More failure has been caused by indecision than by making poor decisions – Winston Churchill
I’m not talking about lifetime commitments here. At fifteen I don’t think anyone was expecting us to commit to being in a relationship forever. I’m talking about the fact that we were incapable of making the simplest of decisions together.
“Wanna go to the movies?”
“Maybe, what do you want to see?”
“I don’t know, what do you want to see?”
“Oh whatever you want to see is fine, you decide.”
“No, you decide.”
“We could stay in and watch something on TV.”
“What do you want to watch?”
“I’m not sure, maybe we could… XYZ.”
You get the picture.
After about 6 weeks of that we both got so frustrated with each other that we broke-up. To be honest though you can hardly say that we ever dated at all because we could never decide what to do, we just ended up having conversations like this on the phone, hanging out a school and doing the same things we would have done alone or with somebody else anyway.
In this case I think we were both so nervous being around each other that we could hardly move but decision fatigue is a real thing.
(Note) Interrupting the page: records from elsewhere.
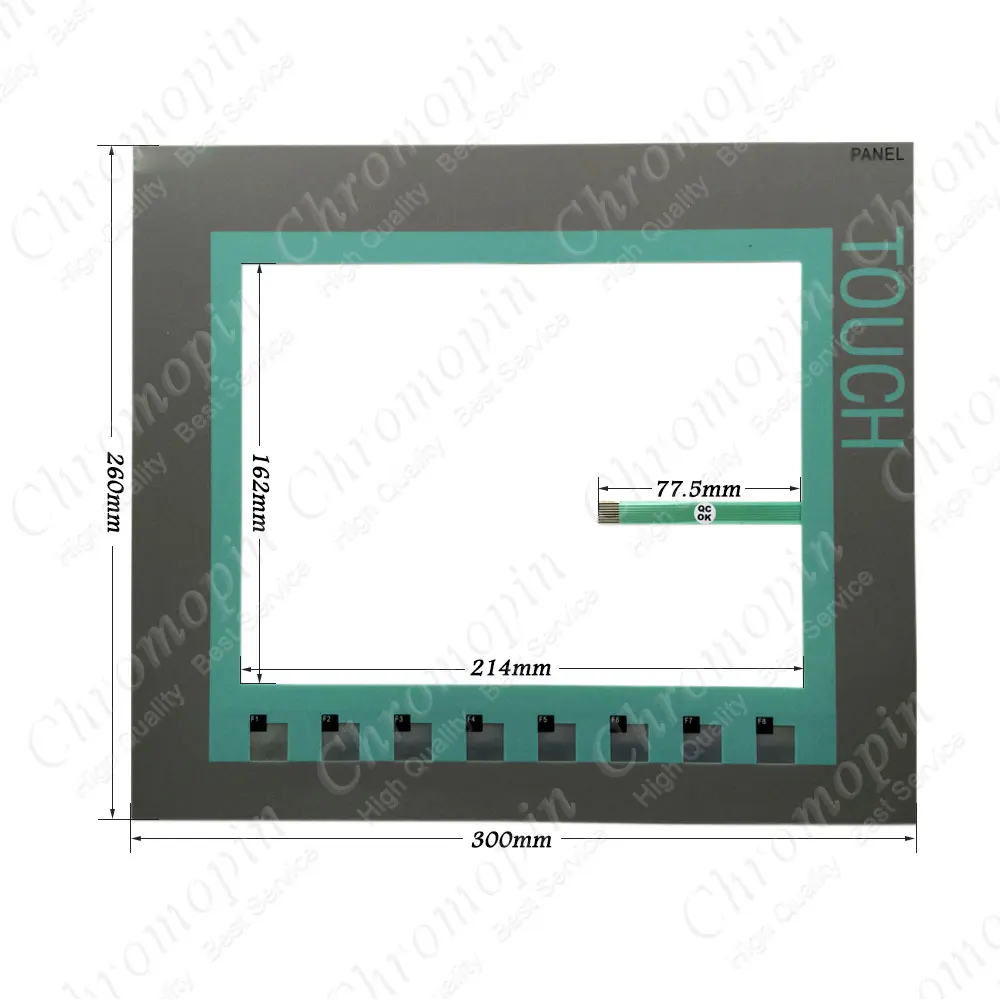 Сенсорная панель для 6AG1647-0AE11-4AX0 6AG1 647-0AE11-4AX0 6AG1647-0AF11-4AX0 647-0AF11-4AX0 KTP1000 с мембранная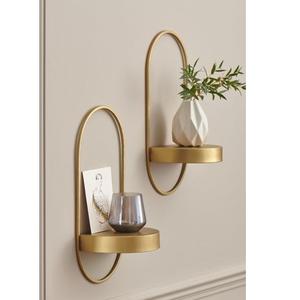 Support mural en métal noir pour maison hôtel ou bureau porte-fleurs artificielles pour dessus de table décoratif MS Ho - Product Image 5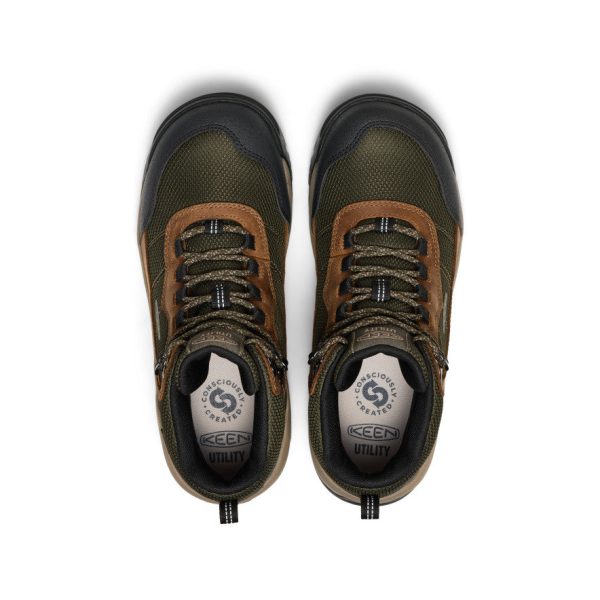 Men's Skokie Waterproof Work Boot (Soft Toe)  |  Forest Night/Black - Image 4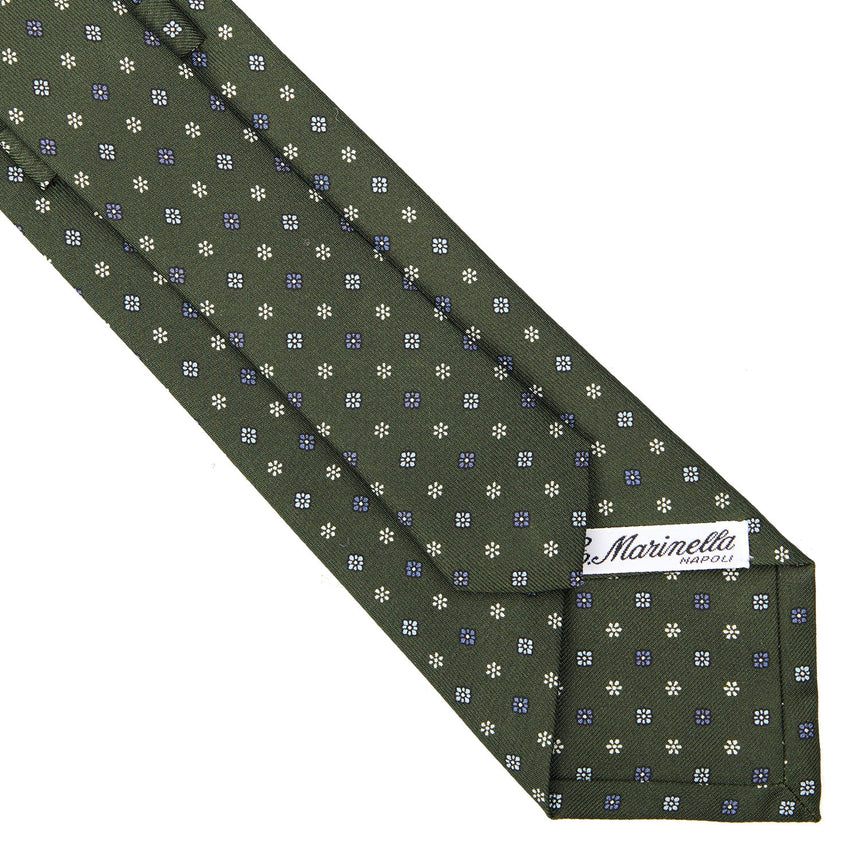 OLIVE GREEN CLASSIC SILK TIE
From the moment we get up in the morning to the time we finally fall into bed at the end of the day we are constantly making decisions. Sooner or later you’re going to run out of steam.
It happens to the best of us. Eventually the daily grind of constant decision making gets to be too much and you shut down. The inability to make a decision eventually becomes its own decision however and failure, as Winston Church observed, is often the end result.
I recently came across a helpful thought experiment you can use the next time you’re faced with a big decision and a bit of fatigue or apprehension about making it. Ask yourself:
“Six months from now am I more likely to say I wish I hadn’t or I’m glad I did?”
If you can visualize how you’re going to feel either way you know the course of action to take and the decision has been made.